O PSD, partido de Castro, recorreu ao STF defendendo que o processo fosse resolvido por eleições diretas — ou seja, pelo voto popular. Contudo, o próprio ex-governador antecipou um movimento que surpreendeu o cenário político: antes mesmo do prazo final, Castro renunciou ao mandato sob o argumento de cumprir o prazo de desincompatibilização exigido para candidatos ao Senado Federal nas eleições de outubro de 2026.


A manobra foi amplamente interpretada como uma estratégia para forçar a realização de eleições indiretas, já que a renúncia antes do julgamento de mérito poderia alterar os critérios que determinariam o tipo de eleição.
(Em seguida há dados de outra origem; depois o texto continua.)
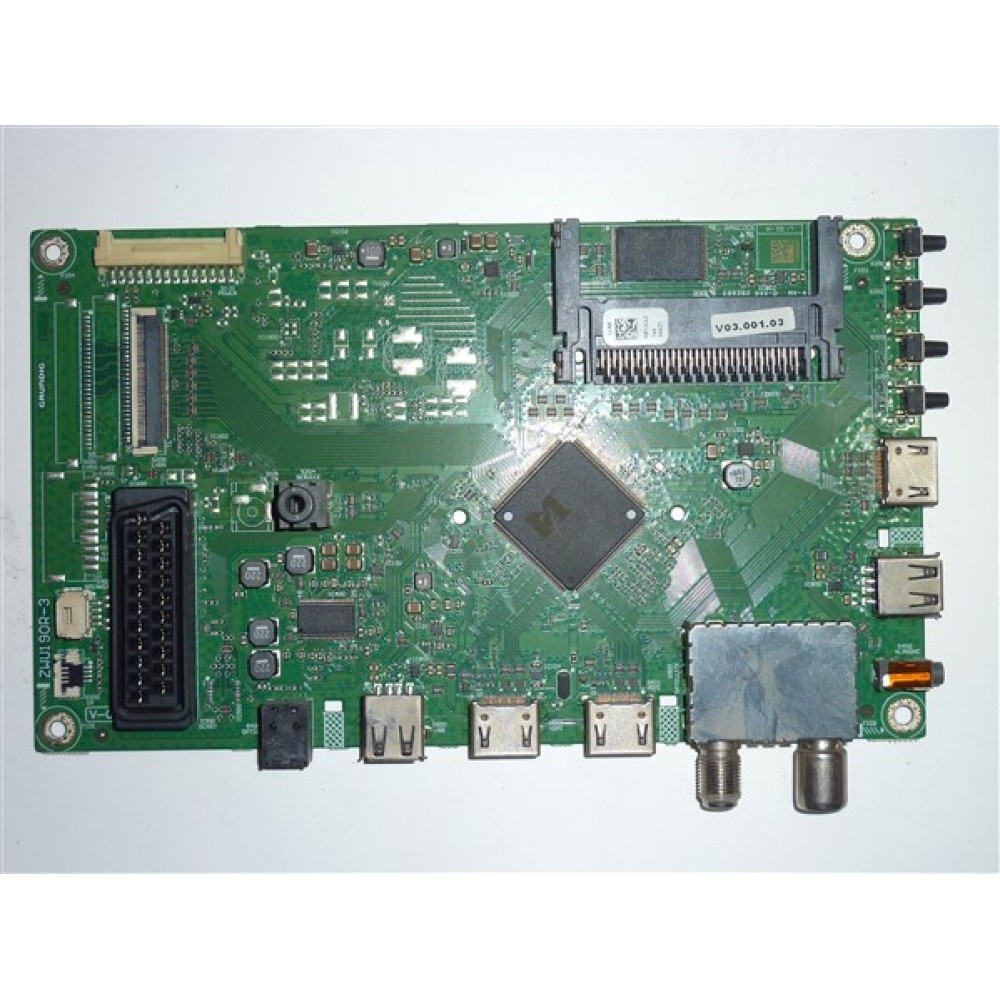 ZWU190R-3 ARÇELİK, BEKO MAİN BOARD.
No modelo indireto, a escolha do governador interino seria feita exclusivamente por deputados estaduais da Assembleia Legislativa do Rio de Janeiro (Alerj) — uma arena em que o PSD detém maior influência do que teria em uma disputa popular.


Desde a saída de Castro, o cargo de governador do Rio de Janeiro vem sendo exercido de forma interina pelo presidente do Tribunal de Justiça do Estado, Ricardo Couto de Castro. A situação se tornou possível porque a linha sucessória normal do estado se encontra desfalcada: o ex-vice-governador Thiago Pampolha deixou o cargo em 2025 para assumir uma vaga no Tribunal de Contas do Estado, deixando o Rio sem segundo na hierarquia executiva.
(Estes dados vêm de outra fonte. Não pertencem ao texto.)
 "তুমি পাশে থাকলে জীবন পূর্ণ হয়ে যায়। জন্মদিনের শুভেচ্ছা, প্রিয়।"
O STF, por sua vez, já apresenta placar preliminar favorável às eleições indiretas por 4 votos a 1, mas aguarda o posicionamento definitivo do TSE para então proferir sua decisão final. O julgamento de segunda-feira (2) no TSE será, portanto, o passo imediato que definirá o encaminhamento constitucional da crise política fluminense.


A crise política no Rio de Janeiro expõe a fragilidade de mecanismos de sucessão executiva nos estados e levanta um debate crucial sobre os limites entre a reforma do sistema eleitoral e a garantia da participação popular. A decisão do TSE em 2 de junho servirá como precedente para situações similares em outros estados do Brasil, em um ano eleitoral que já se mostra carregado de disputas jurídicas e manobras institucionais. Independentemente do resultado, o Rio de Janeiro seguirá como epicentro de uma das mais complexas crises de governabilidade do país nas últimas décadas.